2)      Em caso de resposta afirmativa à primeira questão:

A interpretação e aplicação, descritas na primeira questão, de uma disposição nacional como o § 14, n.° 1, […] ponto 3, da TzBfG, nas circunstâncias descritas na primeira questão, [violam] igualmente o artigo 5.°, n.° 1, do acordo‑quadro [CTT] [em anexo à Diretiva 1999/70], quando o legislador nacional, através de uma disposição como o § 21, n.° 1, [da Lei do subsídio e da licença parentais (conforme alterada)] — que regula as razões objetivas para a substituição de trabalhadores que justificam a celebração de contratos de trabalho a termo —, prossegue o objetivo de política social de facilitar a concessão pelos empregadores e o gozo pelos trabalhadores de licenças especiais, por exemplo, por motivos de proteção da maternidade ou de assistência a filhos?»

 Quanto às questões prejudiciais

 Quanto à primeira questão

21      Com a sua primeira questão, o órgão jurisdicional de reenvio pergunta, no essencial, se a necessidade temporária de pessoal de substituição prevista por uma regulamentação nacional, tal como a que está em causa no processo principal, pode constituir uma razão objetiva na aceção do artigo 5.°, n.° 1, alínea a), do acordo‑quadro CTT, se se verificar igualmente que essa necessidade de pessoal de substituição é, na realidade, permanente ou recorrente e puder igualmente ser assegurada pelo recrutamento de um trabalhador em regime de contrato sem termo; pergunta ainda se, na apreciação da questão de saber se a renovação dos contratos ou das relações de trabalho a termo é justificada por razões objetivas referidas por esse artigo, há que tomar em conta o número e a duração cumulativa dos contratos ou das relações de trabalho desse tipo concluídos no passado com o mesmo empregador.

22      O Land sustenta que a substituição temporária de um trabalhador se baseia em razões objetivas referidas no artigo 5.°, n.° 1, alínea a), do acordo‑quadro CTT. A ausência temporária do trabalhador a substituir implicará uma necessidade transitória de contratar mais um trabalhador, que só será necessário durante o período em que falta mão de obra. A existência de uma necessidade permanente de uma certa amplitude de pessoal de substituição não pode, segundo o Land, implicar a invalidade de um contrato a termo por motivo de substituição, nos termos do disposto no § 14, n.° 1, ponto 3, da TzBfG. Com efeito, importa verificar a razão objetiva invocada em cada caso concreto de substituição e não excluir os casos de substituições permanentes, frequentes e repetidas. Se a validade de um determinado contrato de trabalho a termo dependesse disso, o empregador seria obrigado a constituir uma reserva permanente de pessoal, o que só seria realizável em grandes empresas.

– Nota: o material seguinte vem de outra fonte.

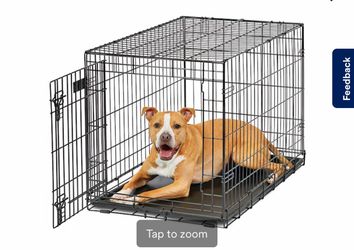 Large Foldable dog crate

Segundo o Land, a liberdade de gestão do empregador deve ser preservada, devendo este decidir da oportunidade e das modalidades de recurso a tal reserva para fazer face a uma necessidade recorrente de pessoal de substituição.

23      Os Governos alemão e polaco invocam igualmente a margem de apreciação de que gozam os empregadores por força do acordo‑quadro CTT e sustentam que o direito da União permite justificar um contrato de trabalho a termo para efeitos de substituição em caso de necessidade recorrente de pessoal de substituição. Essa situação distingue‑se claramente da «necessidade permanente e durável», uma vez que os impedimentos dos trabalhadores substituídos são limitados no tempo. Estes últimos gozam do direito de voltar ao seu posto de trabalho, direito que o empregador será obrigado a respeitar.

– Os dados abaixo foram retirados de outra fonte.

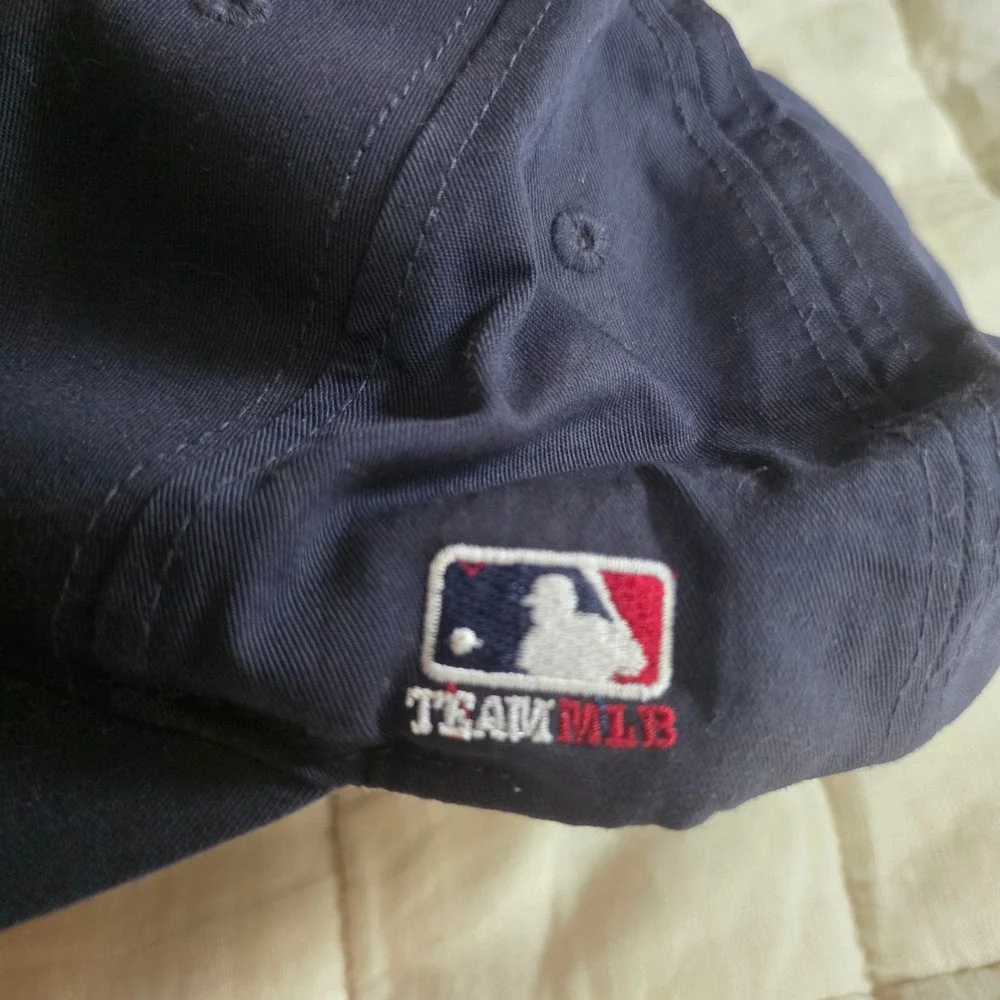 Outdoor Cap Boston Red Sox MLB Hat S/M Navy Blue Good Adjustable Baseball Cap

24      A recorrente no processo principal não apresentou observações escritas.

25      Deve recordar‑se que o artigo 5.°, n.° 1, do acordo‑quadro CTT tem por objeto implementar um dos objetivos prosseguidos por este acordo‑quadro, ou seja, regular o recurso aos contratos ou às relações laborais a termo sucessivos, considerado como uma fonte potencial de abusos em detrimento dos trabalhadores, prevendo um certo número de normas de proteção mínima destinadas a evitar a precarização da situação dos trabalhadores assalariados (v. acórdãos de 4 de julho de 2006, Adeneler e o., C‑212/04, Colet., p. I‑6057, n.° 63, e de 23 de abril de 2009, Angelidaki e o., C‑378/07 a C‑380/07, Colet., p. I‑3071, n.° 73).

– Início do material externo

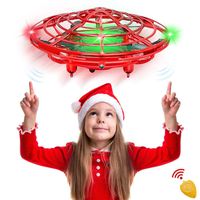 Hand Operated Drone for Kids or Adults, Toys for 4-5 year Old Boys, Latest Mini Drone Helicopter with 5 Sensors, Flying Ball Kids Toys for 6, 7, 8, 9, 10, 11 Year Old Boys or Girls Gifts (with Remote)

26      Assim, essa disposição do acordo‑quadro CTT impõe aos Estados‑Membros, com o objetivo de prevenir a utilização abusiva de contratos de trabalho ou relações laborais a termo sucessivos, a adoção efetiva e coerciva de, pelo menos, uma das medidas que ela enumera, sempre que o seu direito interno não preveja medidas legais equivalentes. As medidas assim enumeradas no n.° 1, alíneas a) a c), do referido artigo, no total de três, referem‑se, respetivamente, a razões objetivas que justificam a renovação desses contratos ou relações laborais, à duração máxima total desses contratos de trabalho ou relações laborais sucessivos e ao número de renovações dos mesmos (v. acórdão Angelidaki e o., já referido, n.° 74, e despacho de 1 de outubro de 2010, Affatato, C‑3/10, n.os 43, 44 e jurisprudência referida).

27      No tocante ao conceito de razão objetiva que figura no artigo 5.°, n.° 1, alínea a), do acordo‑quadro CTT, o Tribunal de Justiça julgou já no sentido de que esse conceito deve ser entendido como visando circunstâncias precisas e concretas que caracterizam uma determinada atividade e, portanto, suscetíveis de justificar, nesse contexto específico, a utilização de contratos de trabalho a termo sucessivos. Essas circunstâncias podem resultar, nomeadamente, da natureza particular das tarefas para a realização das quais esses contratos foram celebrados e das características inerentes a essas tarefas ou, tal sendo o caso, da prossecução de um objetivo legítimo de política social de um Estado‑Membro (acórdão Angelidaki e o., já referido, n.° 96 e jurisprudência referida).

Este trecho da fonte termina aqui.